As we roll into summer, the days are getting longer. With daylight savings time, sunset is really late. For most families, especially those with little children, it is really inconvenient to begin the Friday night meal at 9:00 or 9:30. So, many people take advantage of the halakha that permits us to begin Shabbat on Friday afternoon after pelag haminha.
Pelag haminha means 1 and ¼ hrs. (sha’ot zemaniyot – seasonal hours) before the end of the day. Ashkenazic Jews compute sha’ot zemaniyot as twelve equal time periods between sunrise and sunset. Sefardic Jews compute them between dawn and dusk, and so it important to pay attention to the difference regarding pelag haminha. According to my calculations, for the New York area, pelag haminha for Ashkenazic Jews in the beginning of June is about 6:50, while for us it is about 7:15.
That means that we could finish the Friday evening prayers and be home by 7:45, so that we can begin the meal well before sunset. Of course, that is true if the table is set, the candles are lit and the food is ready. Someone might come home and find the table piled with stuff and food cooking on the stove. He began Shabbat half an hour ago, but his family hasn’t gotten there yet.

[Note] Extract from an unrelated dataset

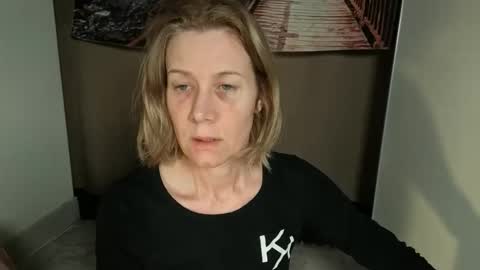 Snapshot of lola_belgium chatting on April 19, 6:13 am lola_belgium online show from April 19, 6:13 am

“Excuse me,” he begins with a smile, “but weren’t you supposed to light the candles long ago?”
“No, I couldn’t possibly have done so,” his wife replies. “I haven’t finished the cooking and it’s still forty minutes to sunset.”
She’s absolutely right. Normally we say that after a Sefardic woman lights her Shabbat candles, she can then continue her work as long as she finishes a couple of minutes before sunset. She doesn’t even have to declare her intentions to continue working after lighting. This is the ruling of the Shulhan Arukh (263:6), concurring with the great majority of the Poskim. But this is true only if she lights her candles within the last half hour before sunset. If she wishes to light them earlier than that, she will have to cease working and begin Shabbat when she lights them.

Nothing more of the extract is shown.